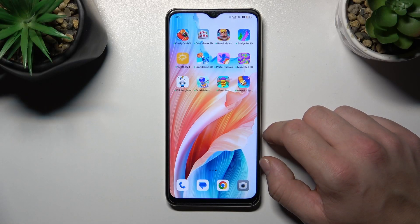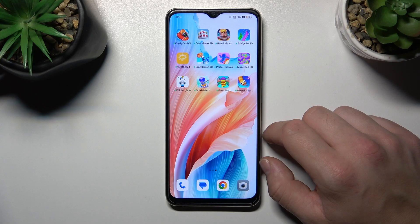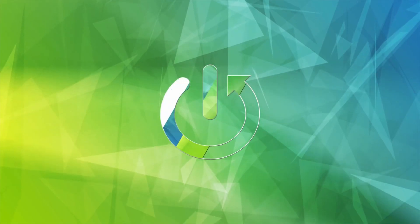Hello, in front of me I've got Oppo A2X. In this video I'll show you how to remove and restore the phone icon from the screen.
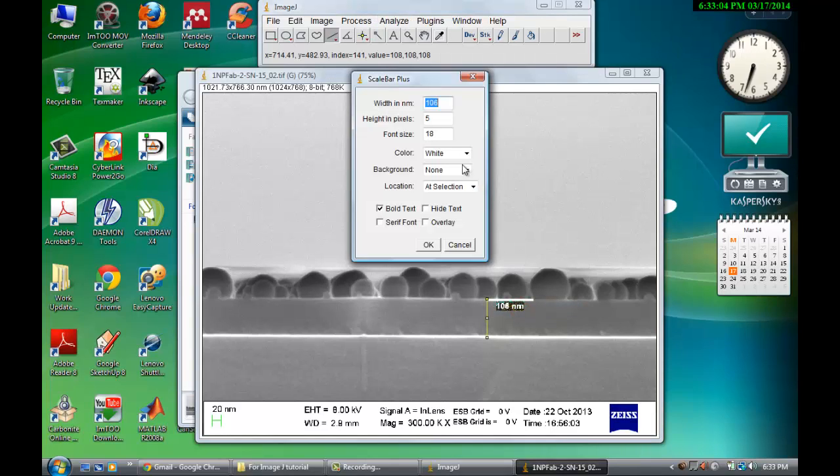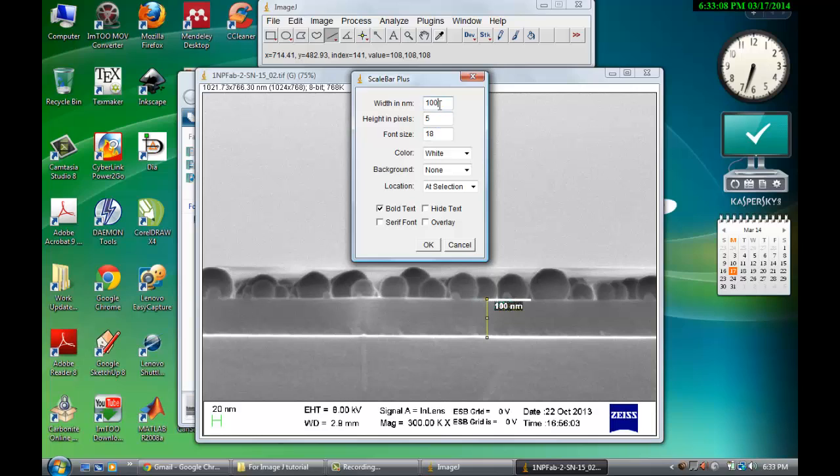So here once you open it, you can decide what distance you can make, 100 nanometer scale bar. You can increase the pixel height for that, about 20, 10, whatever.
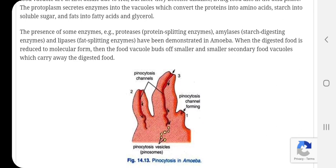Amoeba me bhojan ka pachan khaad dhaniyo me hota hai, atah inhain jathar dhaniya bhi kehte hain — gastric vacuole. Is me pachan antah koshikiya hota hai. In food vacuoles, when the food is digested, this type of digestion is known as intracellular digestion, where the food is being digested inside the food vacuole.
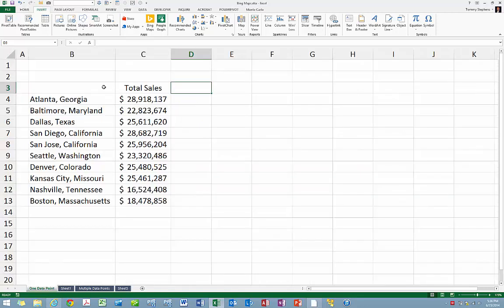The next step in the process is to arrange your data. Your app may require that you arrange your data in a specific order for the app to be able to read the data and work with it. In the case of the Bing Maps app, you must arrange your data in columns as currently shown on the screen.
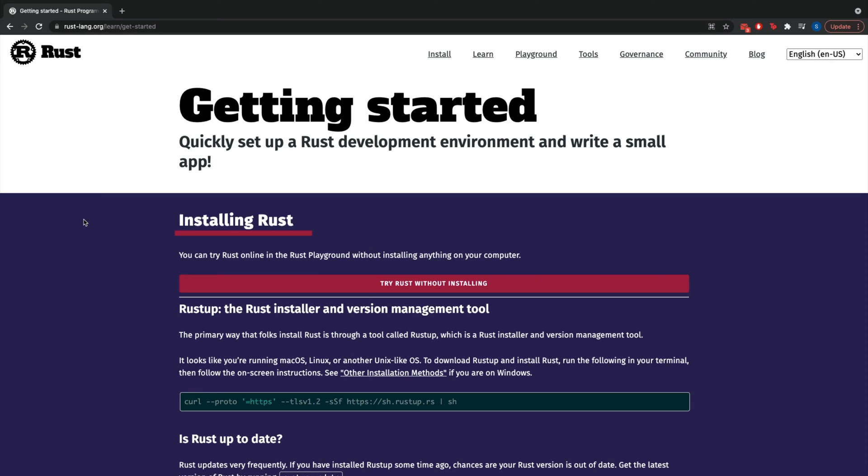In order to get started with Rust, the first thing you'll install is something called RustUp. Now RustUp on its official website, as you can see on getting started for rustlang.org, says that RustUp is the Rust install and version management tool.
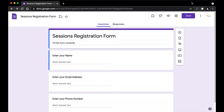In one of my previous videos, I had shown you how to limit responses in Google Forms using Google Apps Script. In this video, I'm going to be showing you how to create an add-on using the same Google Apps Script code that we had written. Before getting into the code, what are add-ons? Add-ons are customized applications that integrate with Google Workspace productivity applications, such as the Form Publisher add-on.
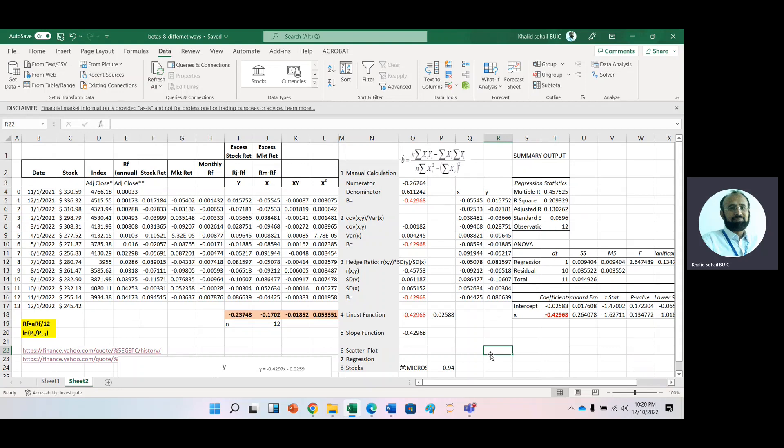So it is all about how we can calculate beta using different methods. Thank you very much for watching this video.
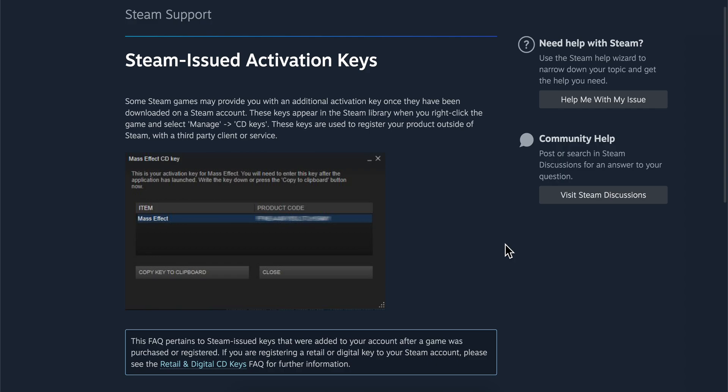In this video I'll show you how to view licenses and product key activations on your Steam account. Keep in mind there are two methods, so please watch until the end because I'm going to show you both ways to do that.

--- Exercise aim ---
Set down exactly, with no additions, each line from the line that includes "So it is all" to the final line of the entries above; leave pictures out.

--- Exercise response ---
So it is all about how we can calculate beta using different methods. Thank you very much for watching this video.
In this video I'll show you how to view licenses and product key activations on your Steam account. Keep in mind there are two methods, so please watch until the end because I'm going to show you both ways to do that.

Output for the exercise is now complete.